Abstract
This paper presents the first blind prediction stage of the Tidal Turbine Benchmarking Project conducted and funded by the UK’s EPSRC and Supergen ORE Hub. In this first stage, only steady flow conditions, at low and elevated turbulence levels (3.1%), were considered. Prior to the blind prediction stage, a large laboratory-scale experiment was conducted in which a highly instrumented 1.6m diameter tidal rotor was towed through a large towing tank in well-defined flow conditions with and without an upstream turbulence grid.
Details of the test campaign and rotor design were released as part of this community blind prediction exercise. Participants were invited to simulate turbine performance and loads using appropriate methods. 26 submissions were received from 12 groups across academia and industry using techniques ranging from blade resolved Computational Fluid Dynamics through Actuator Line, Boundary Integral Equation Model, Vortex methods to engineering Blade Element Momentum methods.

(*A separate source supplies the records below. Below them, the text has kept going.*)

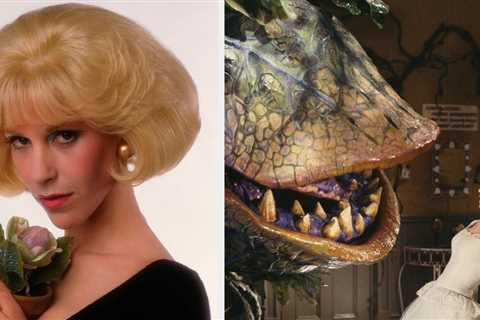 From Audrey's Iconic Voice To The Film's Magical Set, Ellen Greene Shared 7 Fascinating Stories..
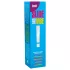 Intt - spiselig pirrende intimgel glidecreme - brombær 35ml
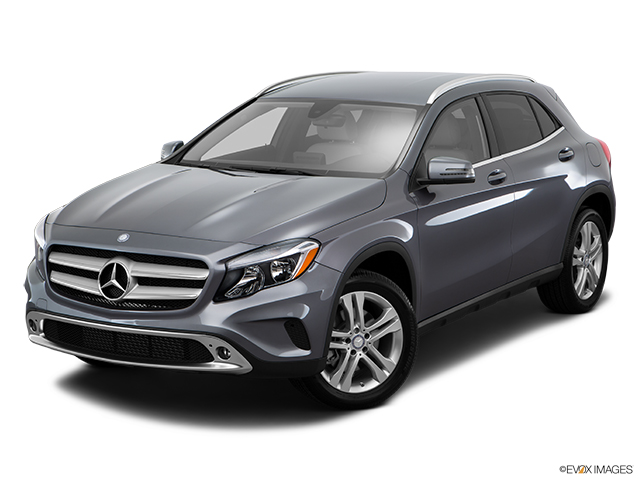 2016 Mercedes-Benz GLA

The comparisons between experiments and blind predictions were very positive, not only helping to provide validation and uncertainty estimates for the models, but also validating the experimental tests themselves. The exercise demonstrated that the experimental turbine data provides a robust dataset against which researchers and engineers can test their models and implementations, helping to reduce uncertainty and provide increased confidence in engineering processes, as well as a basis against which modellers can evaluate and refine approaches.